In MDX, a dimension contains one or more hierarchies that specify how to categorize the records in a similar manner. There is no formal relationship between two different hierarchies or between the levels of one hierarchy and the levels of another hierarchy. The purpose of a dimension is to define the default behavior of its hierarchies and levels.

The Measures Dimension

All measures belong to a special dimension called Measures. This dimension implicitly includes a single hierarchy that has no name. This hierarchy does not include levels. The members of this hierarchy are the measures.

The All Level

Other than the Measures dimension, each dimension can also define a special, optional level, which appears in all the hierarchies of that level: the All level. If defined, this level contains one member, the All member, which corresponds to all records in the cube.

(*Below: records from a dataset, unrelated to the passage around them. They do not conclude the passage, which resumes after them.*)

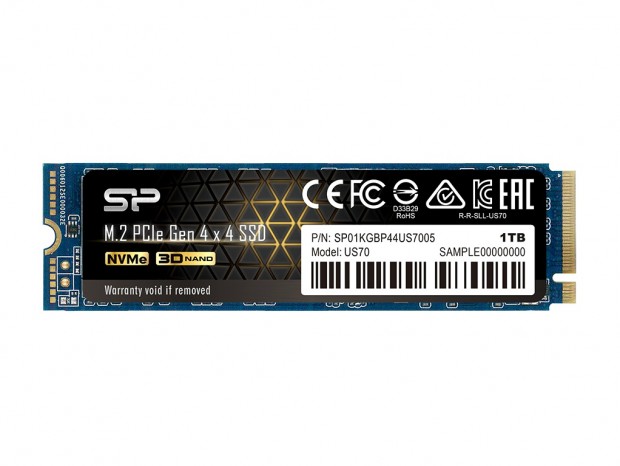 Silicon Power、PCI-Express4.0接続のNVMe M.2 SSD「US70」シリーズ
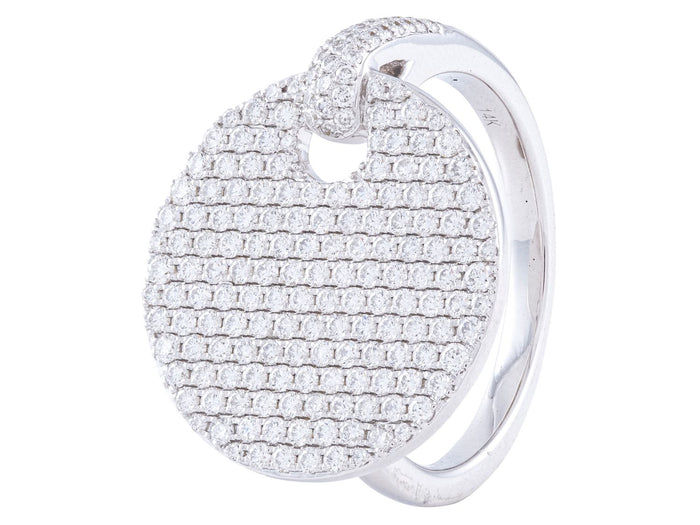 Diamond Ring - 14 KT White Gold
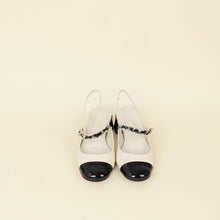 Miu Miu Bicolor Chain Pearl Slingback Pumps 39.5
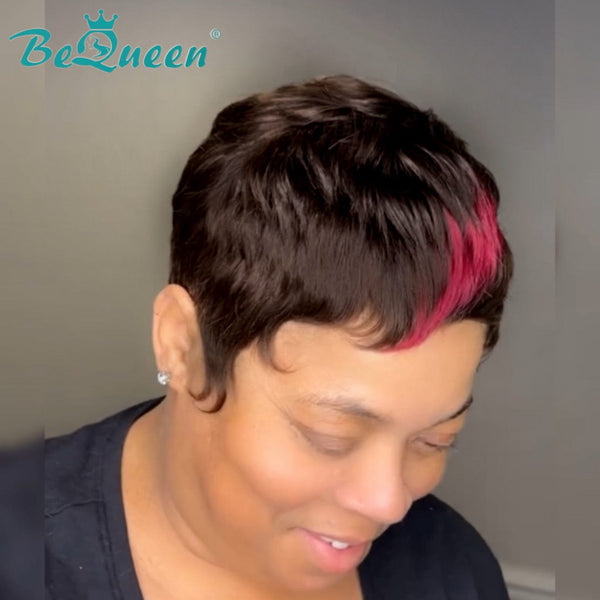 BeQueen Wig PIXIE WIGS Bequeen Red Part Short Cut Pixei Wig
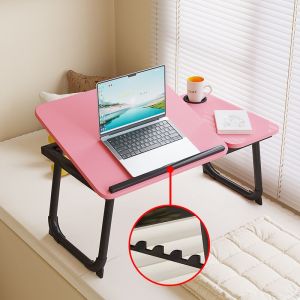 Skyblue Foldable Bed Table Anti-Slip Mini Meja Laptop Computer Notebook Portable Study Table Adjustable 折叠电脑桌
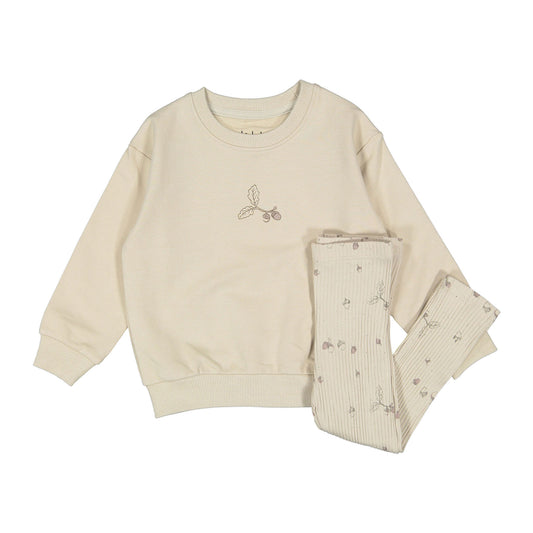 Ladida Layette Acorn Sweatshirt Set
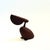 A mid century turned wood figurine in the shape of a Pelican. Adorable stylized features. Made in Japan by Senshukai as...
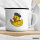 Emaille Tasse Quietscheente Frankreich Gummiente Franzose 300ml Vintage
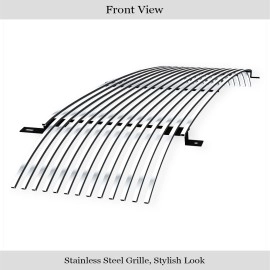 APS GR06HEJ99S - Polished Stainless Steel Main Upper Horizontal Billet Grille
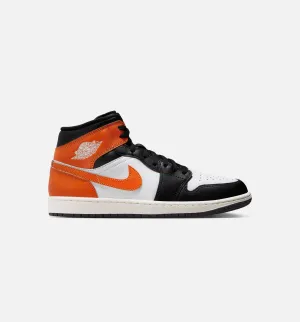 Washable Design Washable Mesh Air Jordan 1 Mid Mens Lifestyle Shoe - Starfish/White/Sail/Black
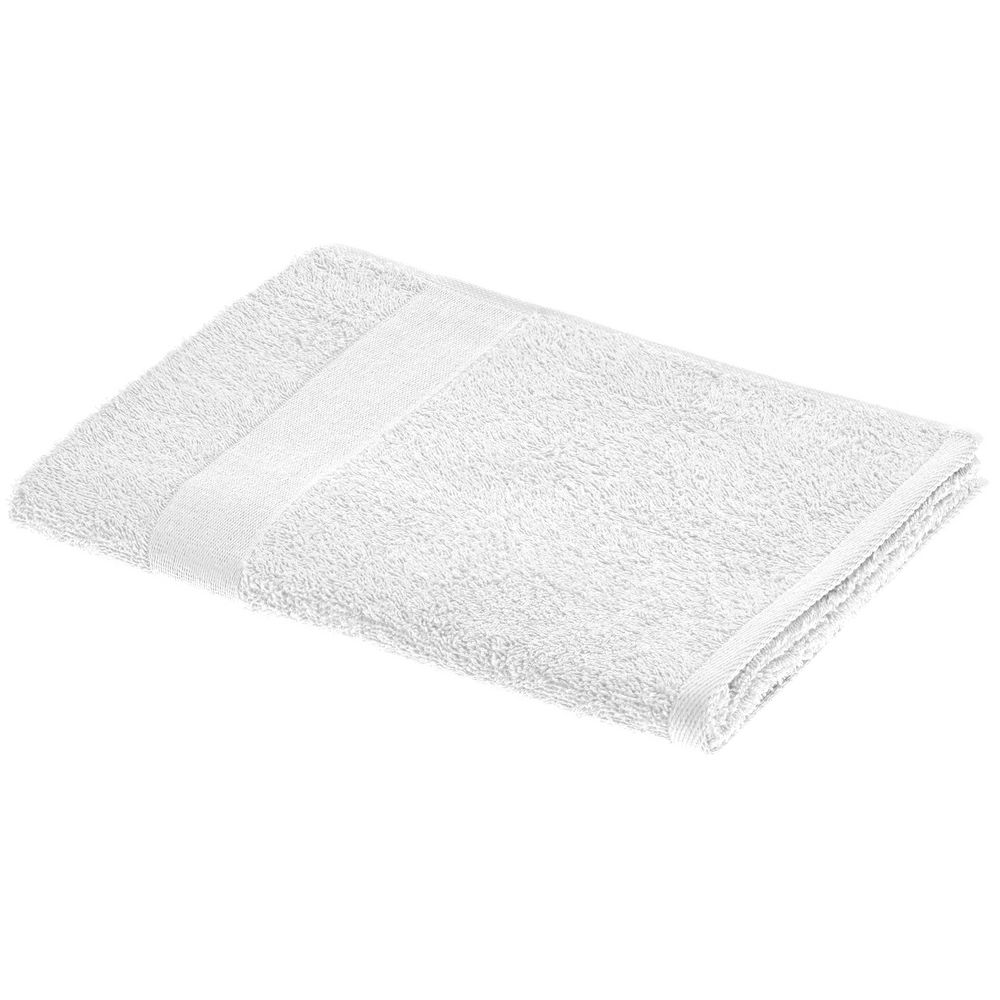Полотенце Soft Me Light, среднее, белое с логотипом
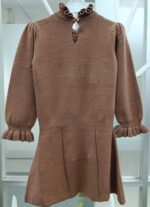 girls midi ruffle dress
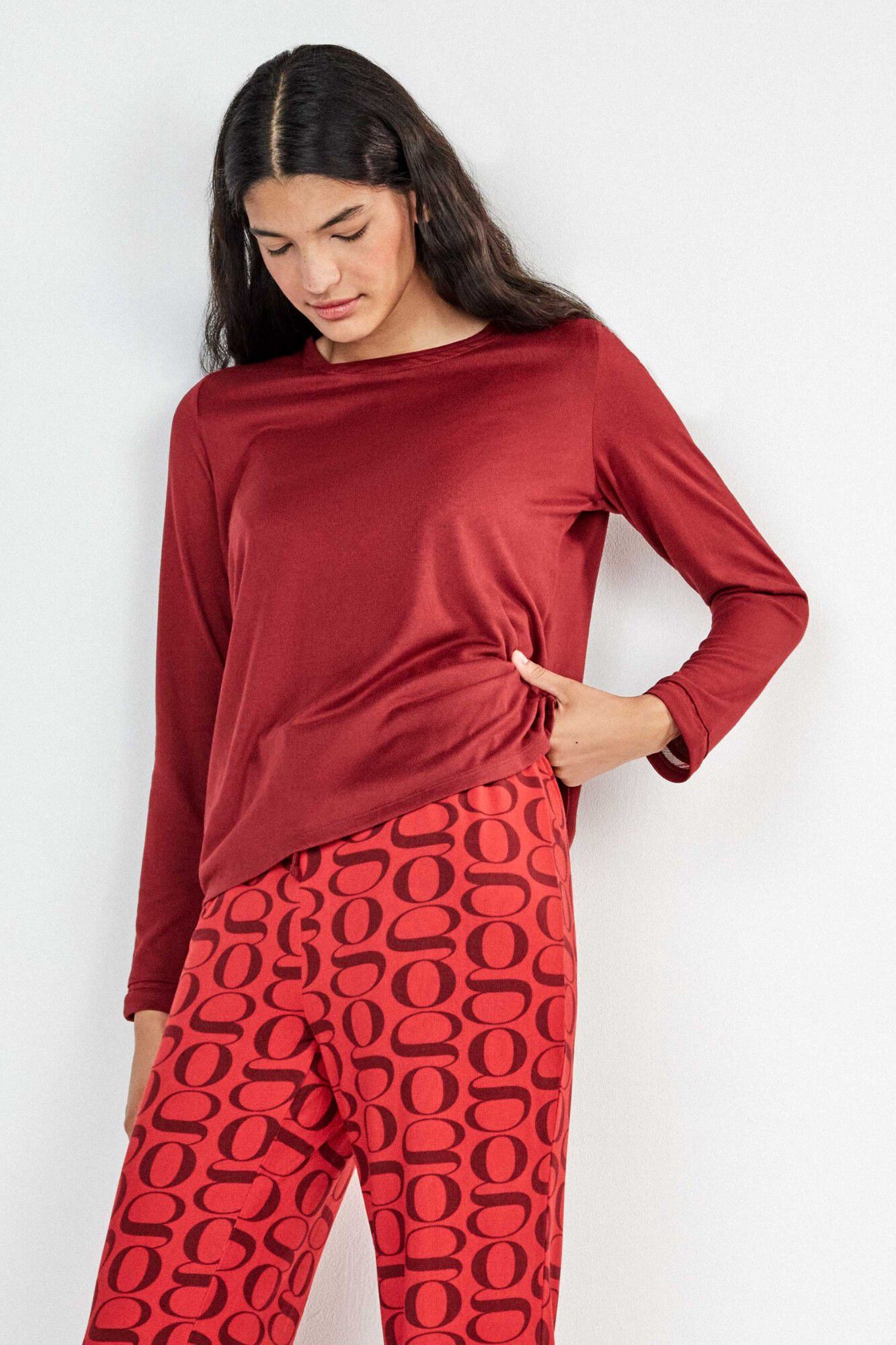 Gisela Long pyjamas with T-shirt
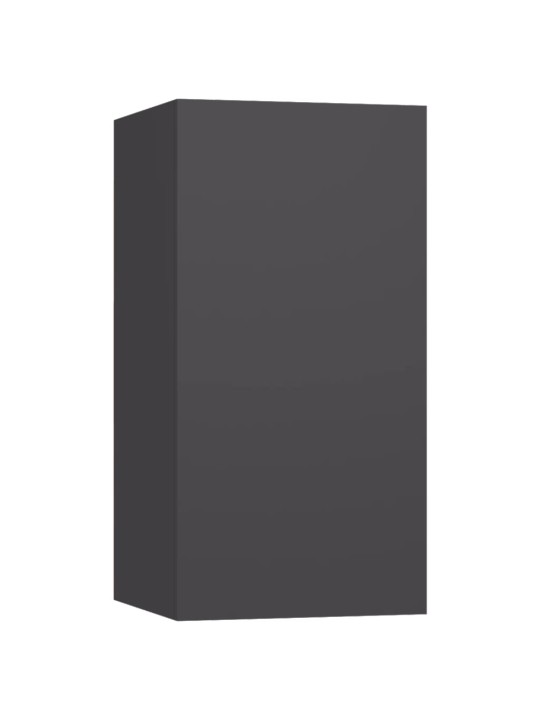 Tv skapīši, 2 gb., 30,5x30x60 cm, pelēki, inženierijas koks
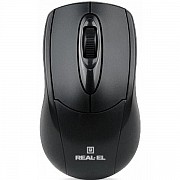 Мишка REAL-EL RM-207 USB Black (EL123200015) (Код товару:13919) Харьков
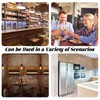 RISVOWO Pack of 2 Fridge Bottle Holder, Bottle Rack, Refrigerator,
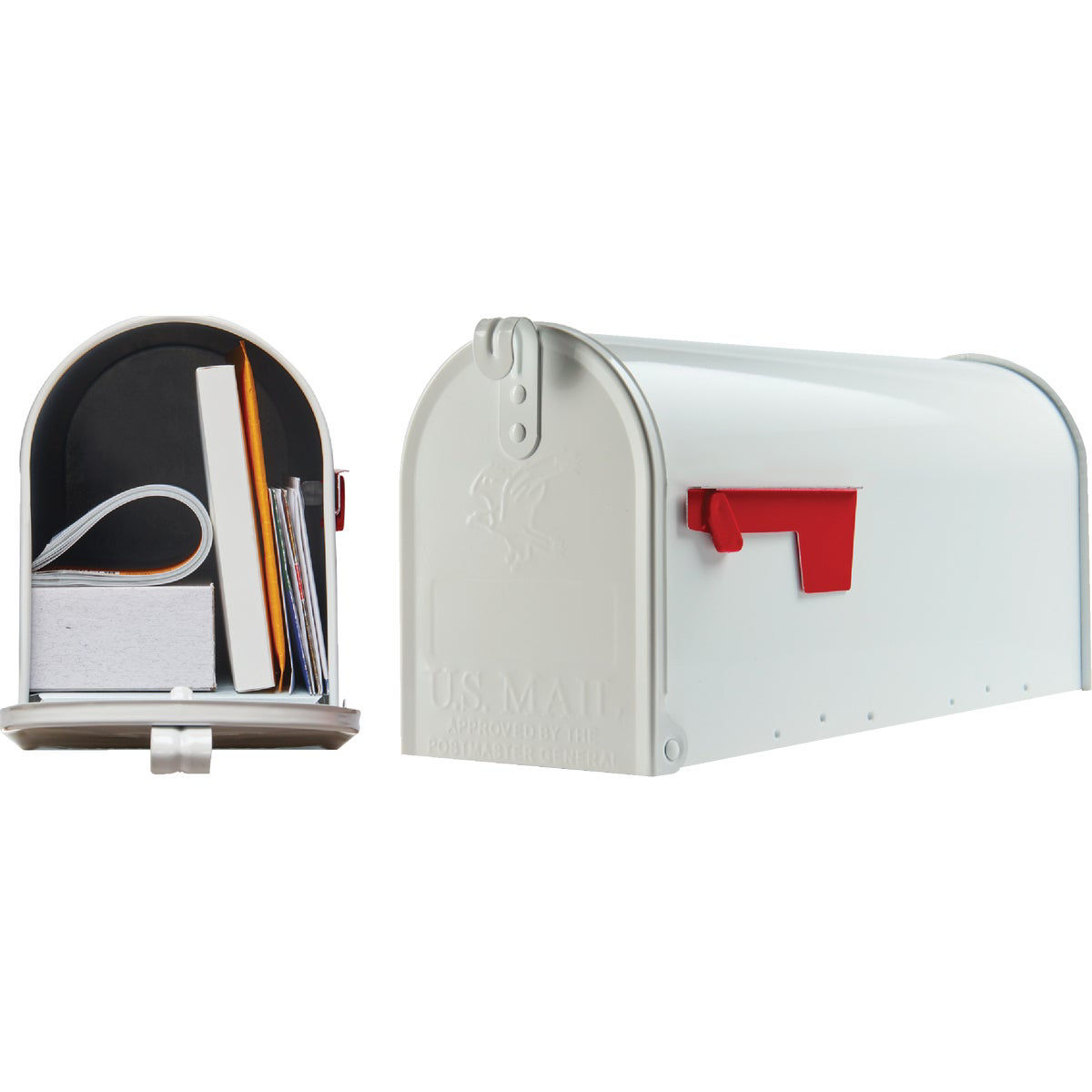 Gibraltar Elite T1 White Steel Rural Post Mount Mailbox | Do it Best
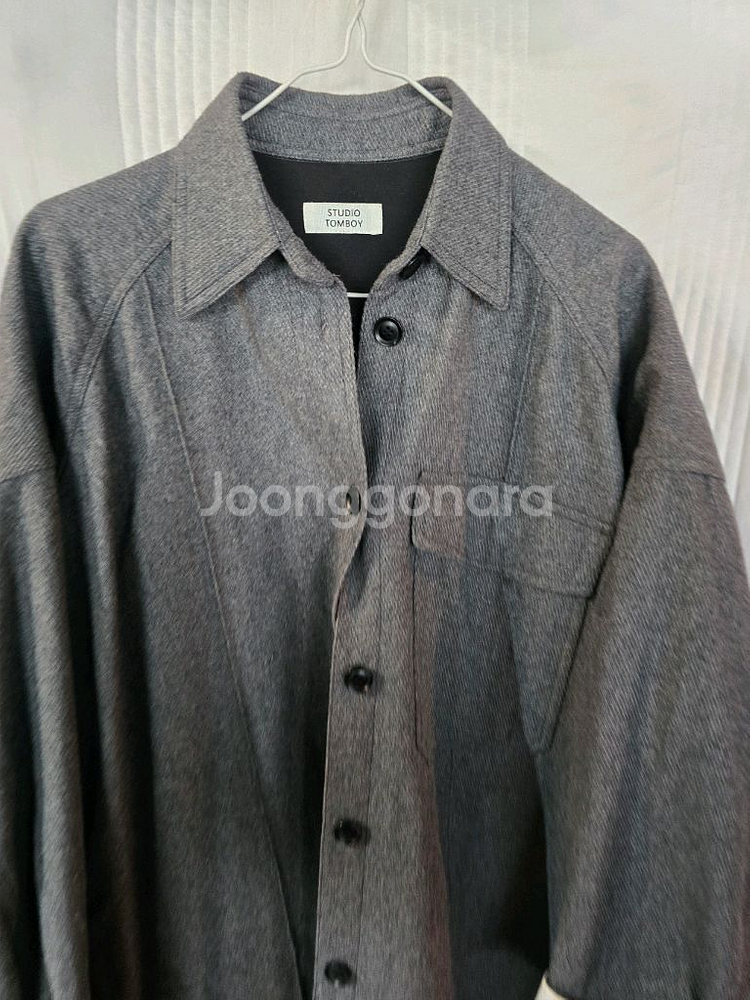 스튜디오 톰보이 오버핏 셔츠남방--0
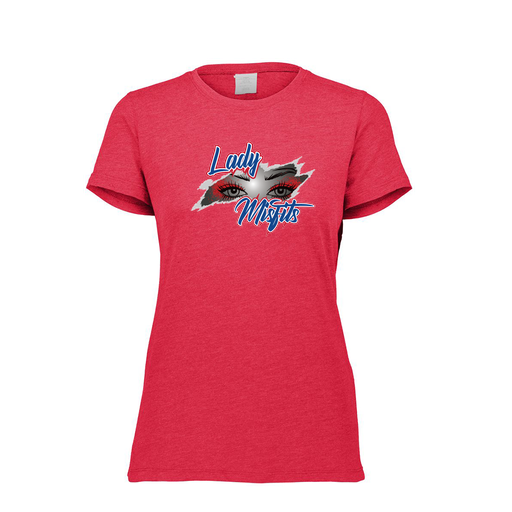 [FTSCUBRD-FAXS-LOGO2] Decker Women's Tri-Blend T-Shirt - Short Sleeve (Female Adult XS, Red, Logo 2)
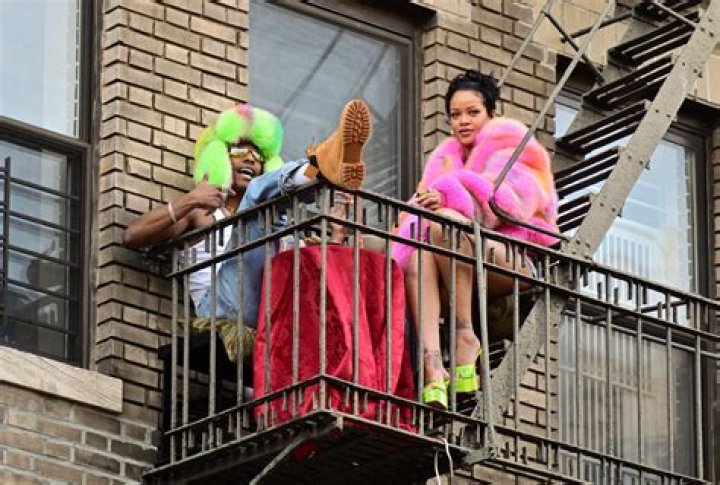 Rihanna Filming Music Video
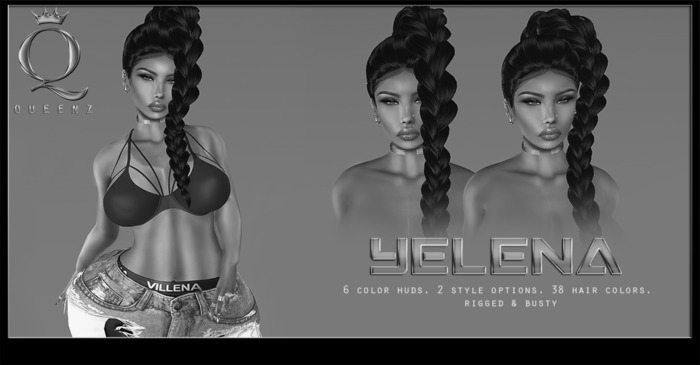 {Q} Yelena (Rigged Mesh Hair) DEMO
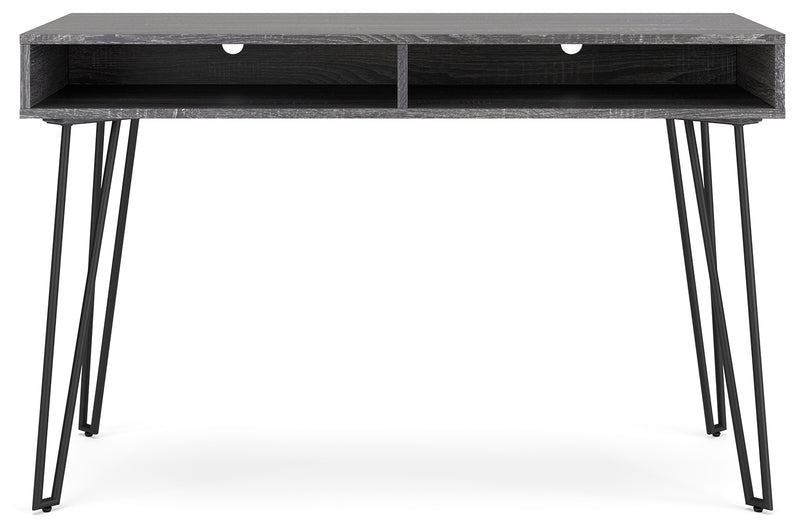 Strumford Charcoal Black Home Office Desk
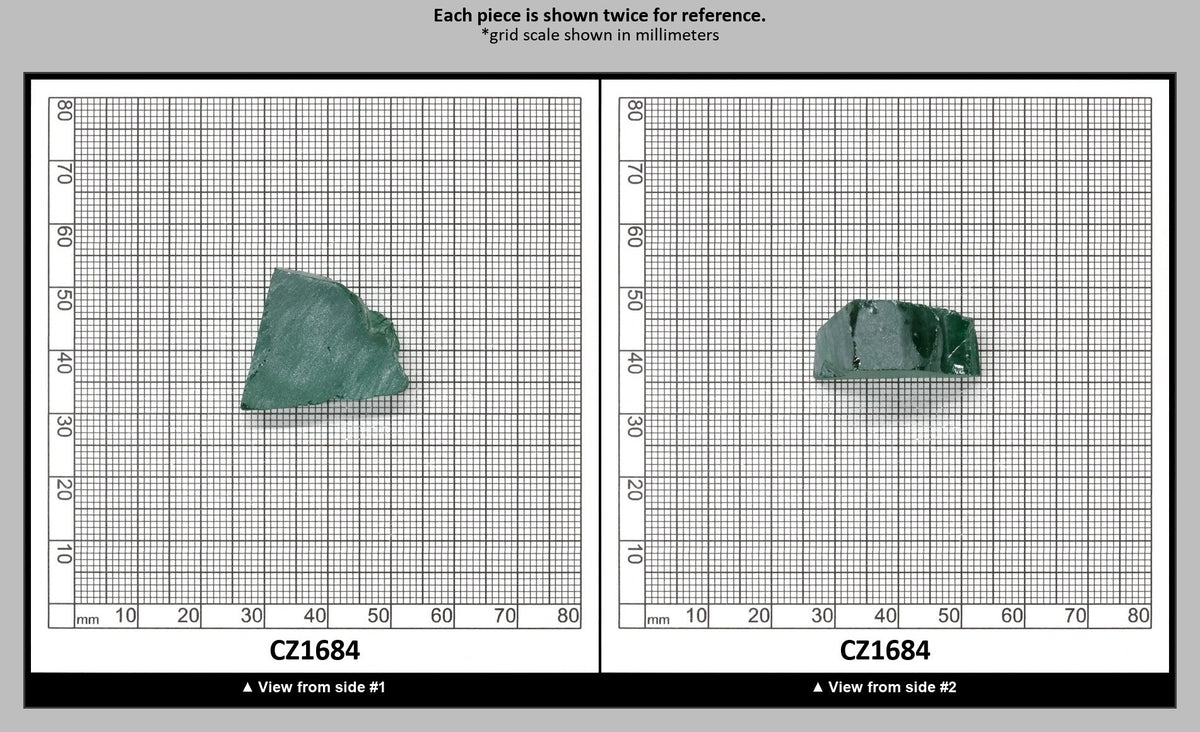 Emerald Cubic Zirconia Faceting Rough for Gem Cutting - Various Sizes : CZ1684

For a given dimension, the actual name of the All member depends upon the cube definition. For example, All Patients is the All member for the AgeD dimension in the sample.

Example

If we use the cube command in the MDX shell, we see the following elements in the demomdx cube:

Elements of cube 'demomdx':
-----------------------------------------
...
Dimensions
...
 HomeD
    H1
      ZIP
      City
...

The HomeD dimension contains one hierarchy (H1), which contains two levels:

  • The ZIP level

  • The City level

In a given hierarchy, a level is the parent of the level that is listed after it. This means, for example, that ZIP is the parent of City. More specifically, each member of ZIP is the parent of one or more members of City. That is, it is shorthand to say that one level is the parent of another level; the actual relationship is between members, not between levels. This shorthand is in common use, because it is convenient, even though it is not precise.

The following figure shows the relationships among the members of the HomeD.H1 hierarchy:

ZIP 32006 contains Juniper,Spruce cities, 32007 contains Redwood,34577 contains Cypress,Magnolia,Pine cities

The distinguishing feature of a hierarchy is that any given child element is unique to its parent. This example is artificial because in reality there is a many-to-many relationship between ZIP codes and cities.